▶ [Problem to work on]: Type out each entry exactly as it appears, but keep every image out.

──────────────────────────────

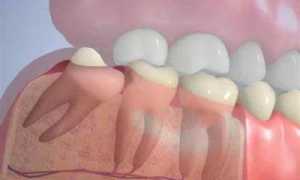 Осложнения можно избежать! Удаление зуба мудрости: что делать после операции?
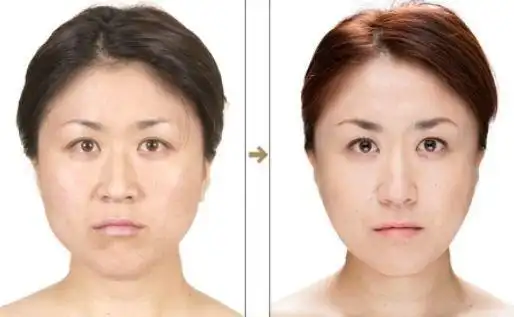 日本整容院惊人对比照 - 美女频道 - 华龙网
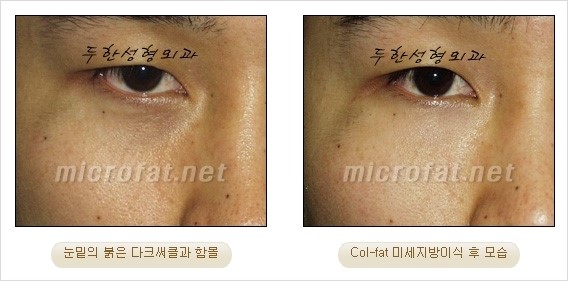 ​[두한성형외과 경쟁력 눈밑성형 리더] - [눈밑 다크써클의 증상, 원인, 종류, 치료방법 안내] 관련 이미지 19
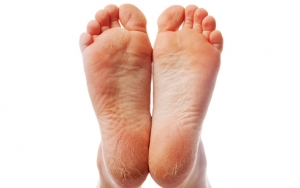 Ada Bagian Kulit Yang Kasar? Tak Perlu Khawatir Body Lotion Bisa Melembutkannya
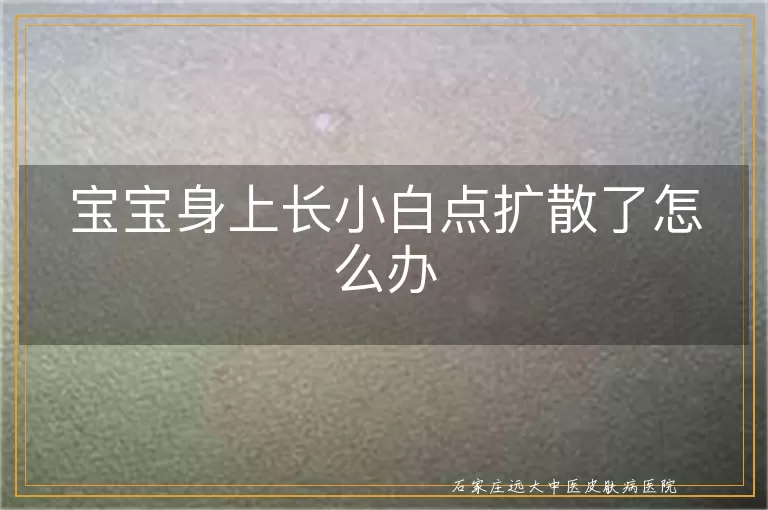 宝宝身上长小白点扩散了怎么办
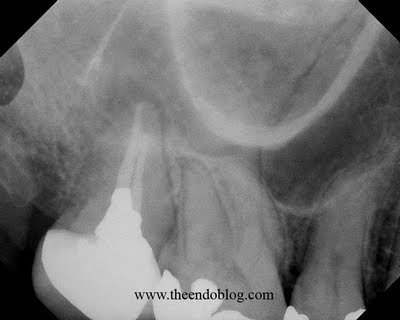 To Scan or Not to Scan?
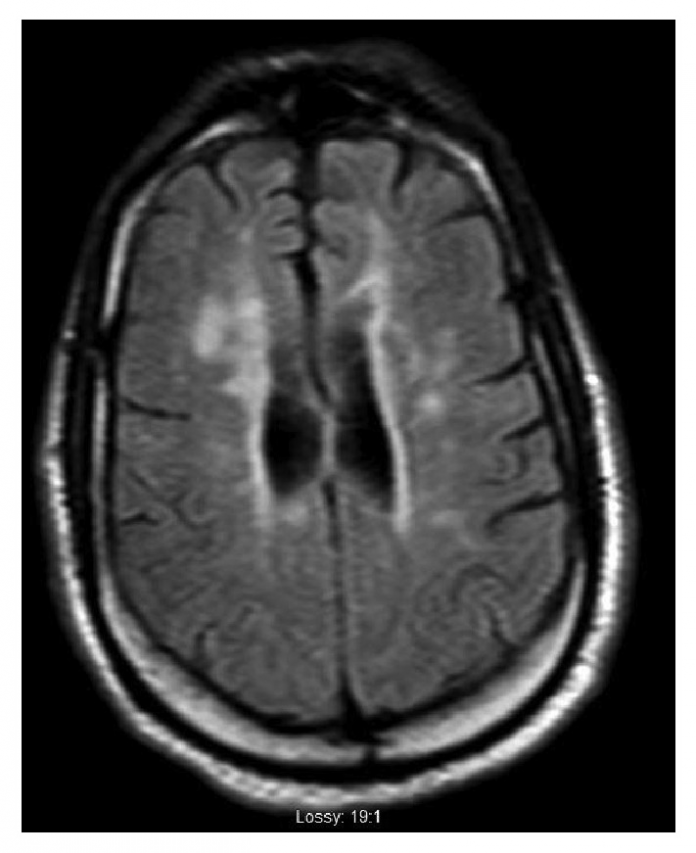 Multiple Sclerosis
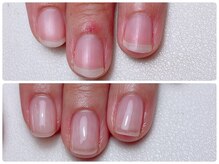 寺子屋ビューティーズ(寺子屋Beauty's)/自爪育成で爪を綺麗に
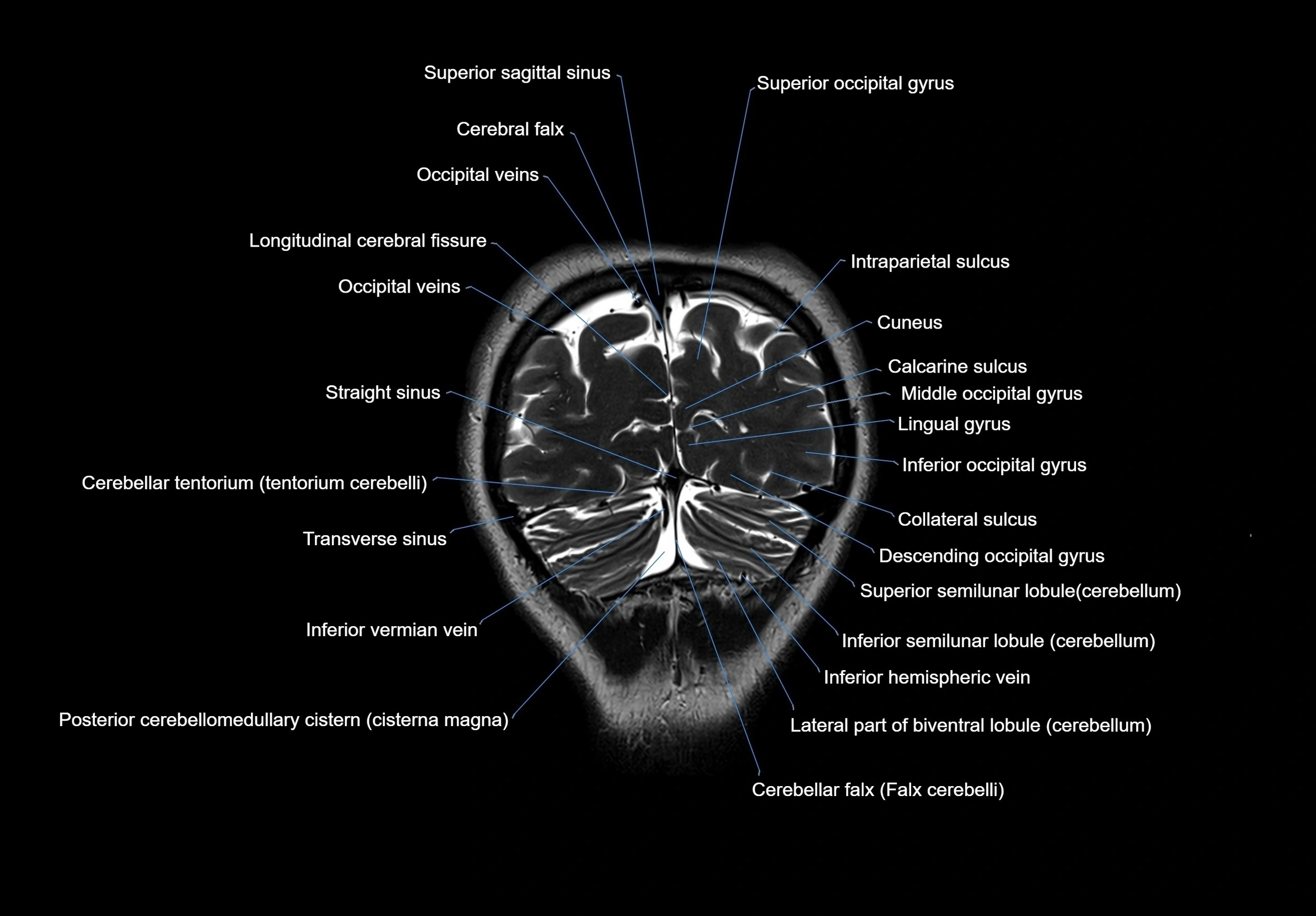 MRI Brain coronal cross sectional labelled anatomy 3T image  -img-00001-00064.webp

──────────────────────────────

▶ [The completed task]:
 Осложнения можно избежать! Удаление зуба мудрости: что делать после операции?
 日本整容院惊人对比照 - 美女频道 - 华龙网
 ​[두한성형외과 경쟁력 눈밑성형 리더] - [눈밑 다크써클의 증상, 원인, 종류, 치료방법 안내] 관련 이미지 19
 Ada Bagian Kulit Yang Kasar? Tak Perlu Khawatir Body Lotion Bisa Melembutkannya
 宝宝身上长小白点扩散了怎么办
 To Scan or Not to Scan?
 Multiple Sclerosis
 寺子屋ビューティーズ(寺子屋Beauty's)/自爪育成で爪を綺麗に
 MRI Brain coronal cross sectional labelled anatomy 3T image  -img-00001-00064.webp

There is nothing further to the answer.